Multiply matrix A by itself (A*A): \[ A^{2} = A*A =\left|\begin{array}{ll} -2 & 3 \\ -1 & 1 \end{array}\right| * \left|\begin{array}{ll} -2 & 3 \\ -1 & 1 \end{array}\right| \] To multiply these matrices, use the following formula for each element in the result: \((A^2)_{ij} = \sum_{k=1}^{n} (A_{ik} * A_{kj})\) Now perform the multiplication: \[ A^{2} = \left|\begin{array}{ll} (-2)*(-2) + 3*(-1) & (-2)*3 + 3*1\\ (-1)*(-2) + 1*(-1) & (-1)*3 + 1*1 \end{array}\right| \] Calculate the values within the resulting matrix: \[ A^{2} = \left|\begin{array}{ll} 4 - 3 & -6 + 3\\ 2 - 1 & -3 + 1 \end{array}\right| \] And the result becomes: \[ A^{2} = \left|\begin{array}{ll} 1 & -3\\ 1 & -2 \end{array}\right| \]
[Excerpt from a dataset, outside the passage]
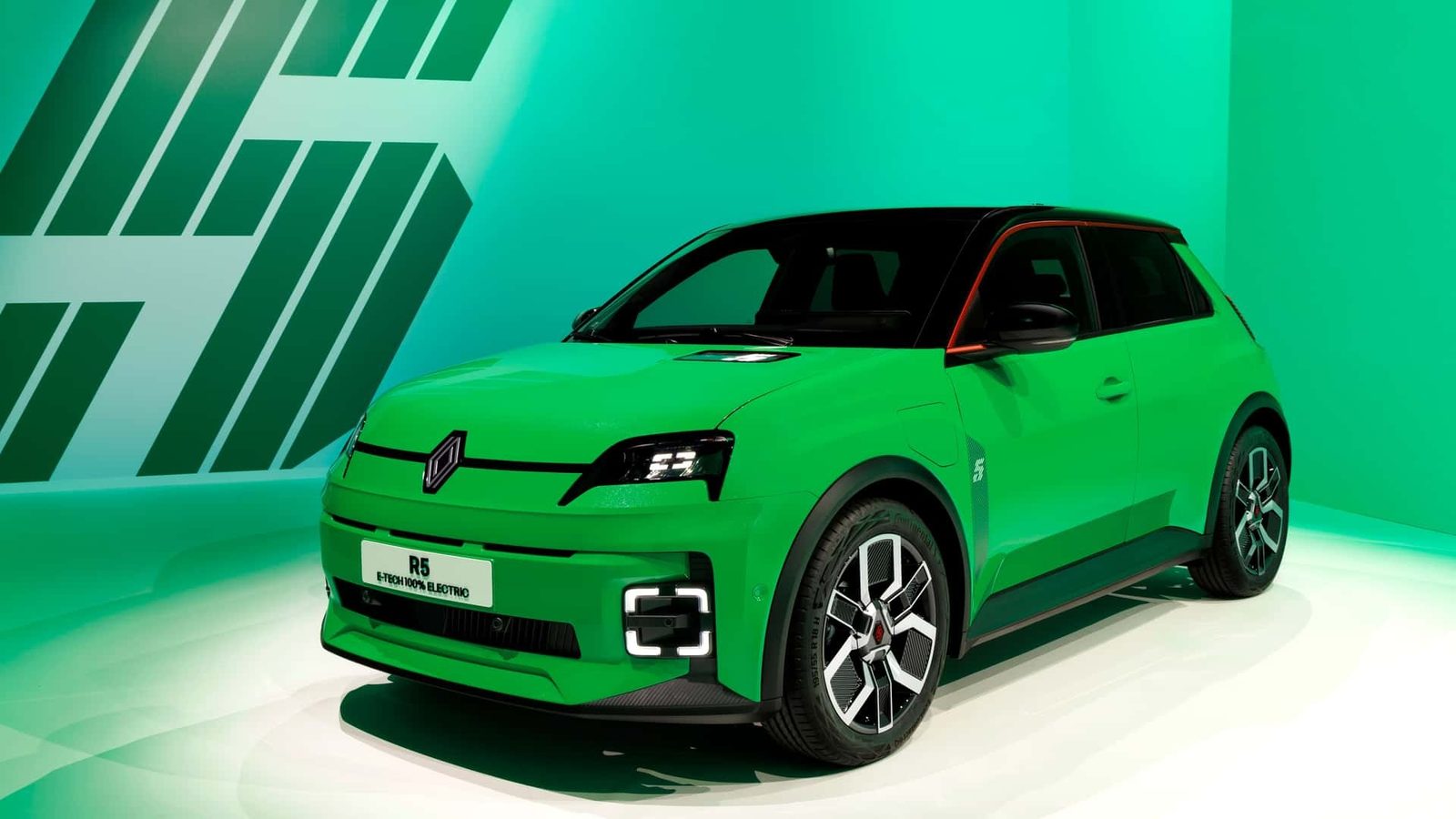 Renault 5 E-Tech Electric 2024 — экстерьер, вид сбоку, рынок internal_mvp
Now multiply matrix \(A^2\) by matrix A to find \(A^3\): \[ A^{3} = A^{2} * A =\left|\begin{array}{ll} 1 & -3 \\ 1 & -2 \end{array}\right| * \left|\begin{array}{ll} -2 & 3 \\ -1 & 1 \end{array}\right| \] Now perform the multiplication as previously done for A*A: \[ A^{3} = \left|\begin{array}{ll} (1)*(-2) -3*(-1) & 1*3 -3*1\\ (1)*(-2) -2*(-1) & 1*3 -2*1 \end{array}\right| \] Calculate the values within the resulting matrix: \[ A^{3} = \left|\begin{array}{ll} -2 + 3 & 3 - 3\\ -2 + 2 & 3 - 2 \end{array}\right| \] Finally, we have the matrix \(A^3\): \[ A^{3} = \left|\begin{array}{ll} 1 & 0\\ 0 & 1 \end{array}\right| \] Now, compare this result to the given options: (a) I is the identity matrix, \[I=\left|\begin{array}{ll}1 & 0\\0 & 1\end{array}\right|\] (b) O is the zero matrix, \[O=\left|\begin{array}{ll}0 & 0\\0 & 0\end{array}\right|\] (c) -A is the negation of matrix A, \[-A=\left|\begin{array}{ll}2 & -3\\1 & -1\end{array}\right|\] (d) A + I is the sum of matrices A and I, \[ A + I=\left|\begin{array}{ll}-1 & 3\\-1 & 2\end{array}\right|\] Comparing the result with the options, we can see that the correct answer is: \(A^{3} = I\), so the answer is (a).